Problem to solve:
Please repeat the records word for word and skip the pictures.

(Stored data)
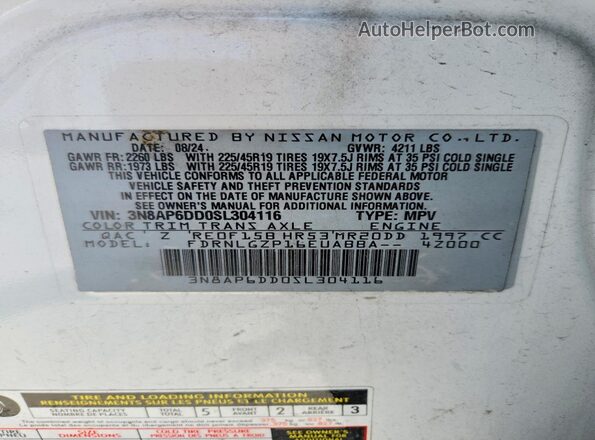 3N8AP6DD0SL304116 2025 NISSAN KICKS Белый Вид наклейки с VIN-кодом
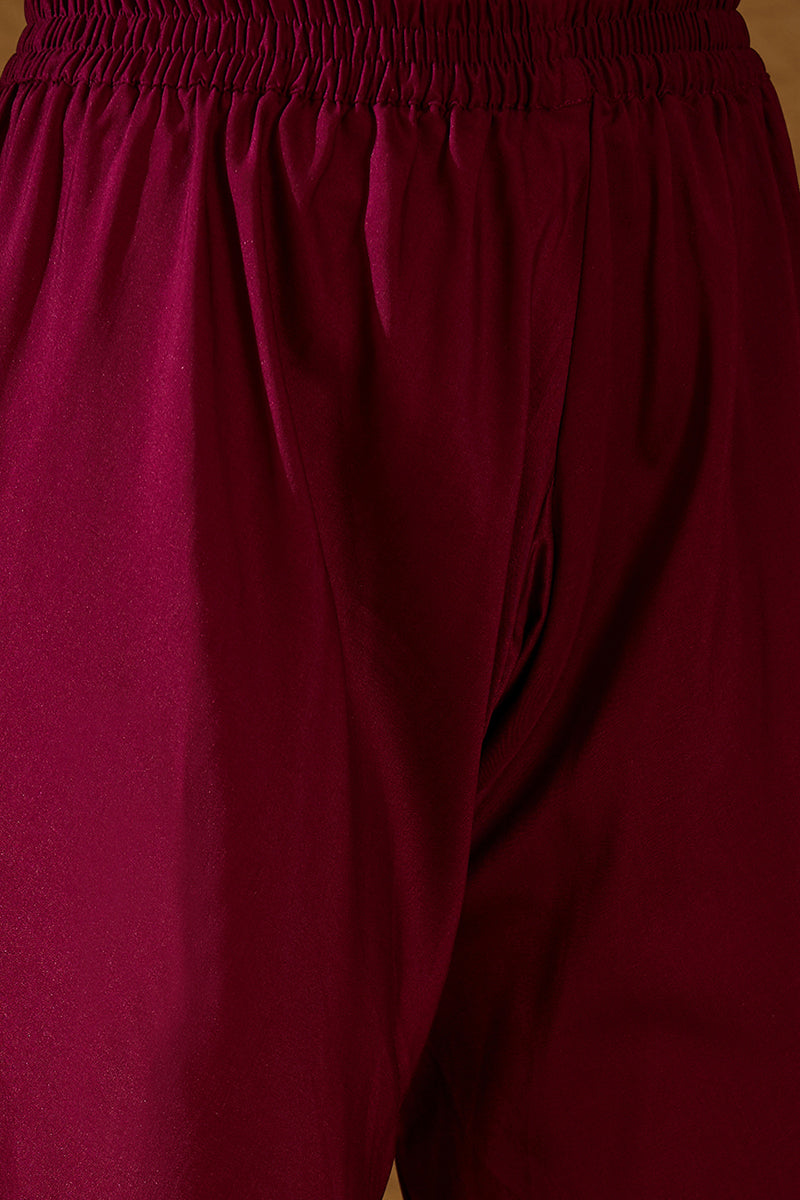 Magenta Silk Blend Woven Design Anarkali Suit Set PKSKD2066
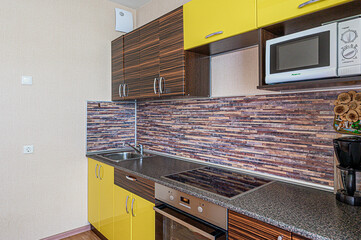 interior kitchen and dining room, refectory area, cooking equipment, table furniture, stove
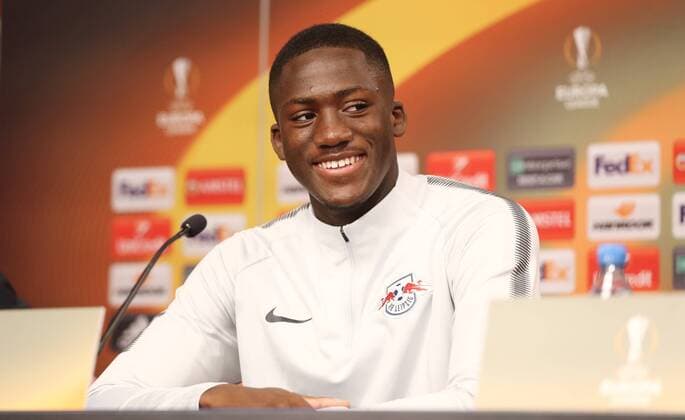 RB Leipzig PK Euro League Leipzig 04 04 2018 Red Bull Arena Soccer UEFA Euro League PK on the eve of the quarter-finals RB Leipzig vs Olympique de Marseille Pictured Ibrahima KonatŽ Konate RB Leipzig player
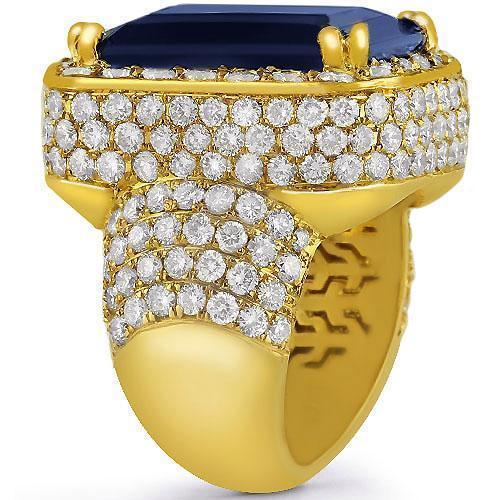 14K Yellow Solid Gold Large Diamond Mens Blue Sapphire Ring 18.00 Ctw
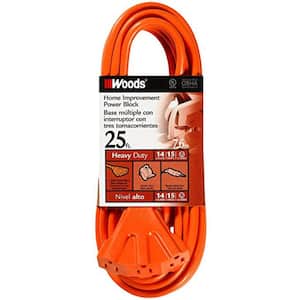 25 ft. 14/3 SJTW Multi-Outlet (3) Outdoor Heavy-Duty Extension Cord, Orange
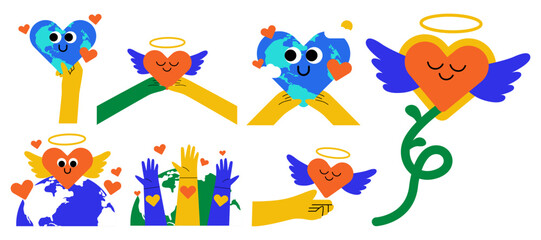 Set of world kindness day illustration. Love, heart character in playful style. Random acts, caring, kindness, giving of people. Hands show the heart and planet. Vector illustration.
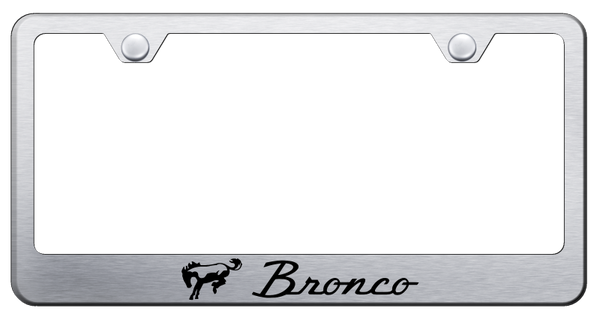 Ford Bronco Stainless Steel Frame - Laser Etched Brushed License Plate Frame - LF.BRO.ES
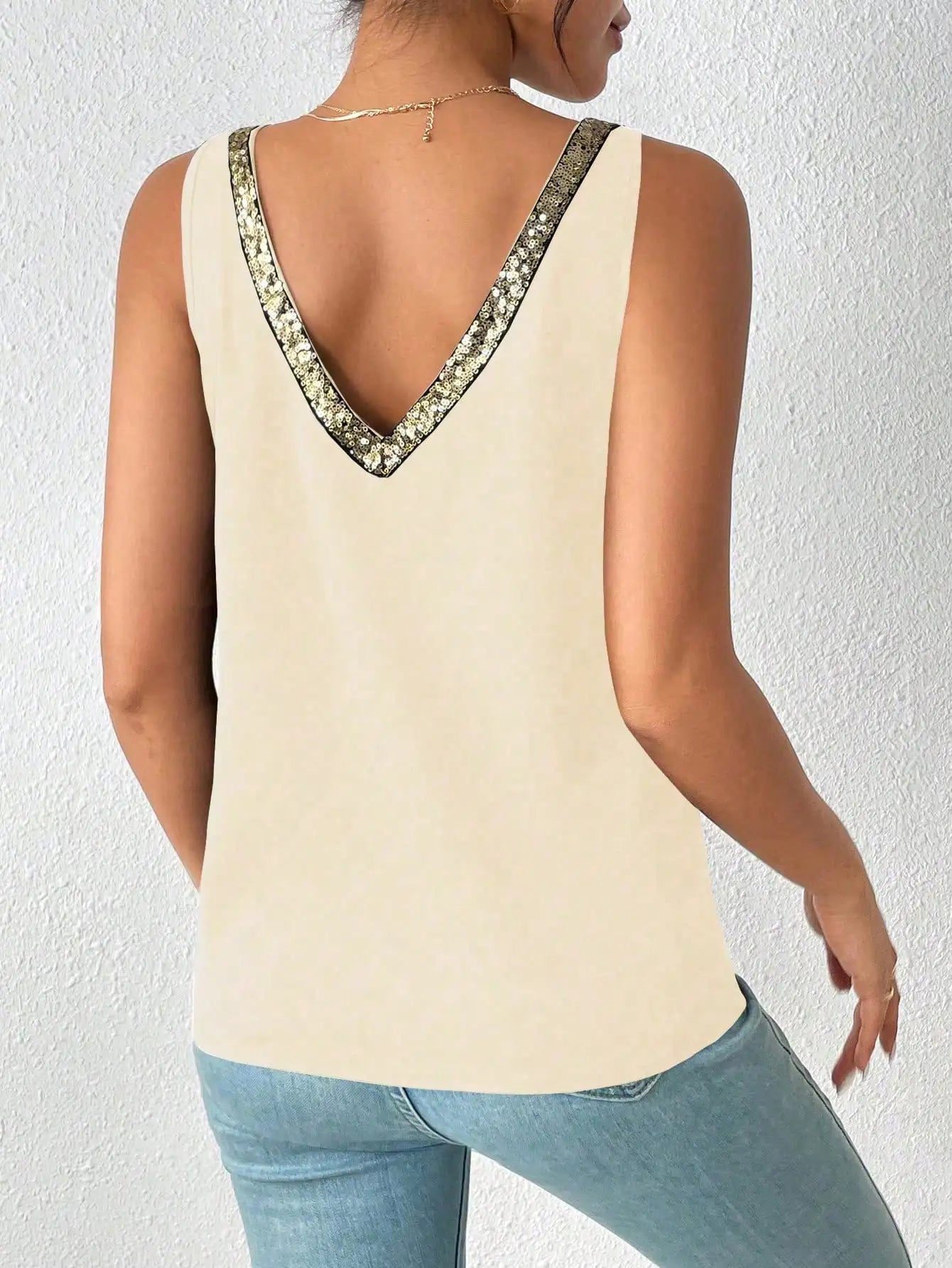 Womens V-Neck Loose Fit Sleeveless Top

Response:
 3N8AP6DD0SL304116 2025 NISSAN KICKS Белый Вид наклейки с VIN-кодом
 Magenta Silk Blend Woven Design Anarkali Suit Set PKSKD2066
 interior kitchen and dining room, refectory area, cooking equipment, table furniture, stove
 RB Leipzig PK Euro League Leipzig 04 04 2018 Red Bull Arena Soccer UEFA Euro League PK on the eve of the quarter-finals RB Leipzig vs Olympique de Marseille Pictured Ibrahima KonatŽ Konate RB Leipzig player
 14K Yellow Solid Gold Large Diamond Mens Blue Sapphire Ring 18.00 Ctw
 25 ft. 14/3 SJTW Multi-Outlet (3) Outdoor Heavy-Duty Extension Cord, Orange
 Set of world kindness day illustration. Love, heart character in playful style. Random acts, caring, kindness, giving of people. Hands show the heart and planet. Vector illustration.
 Ford Bronco Stainless Steel Frame - Laser Etched Brushed License Plate Frame - LF.BRO.ES
 Womens V-Neck Loose Fit Sleeveless Top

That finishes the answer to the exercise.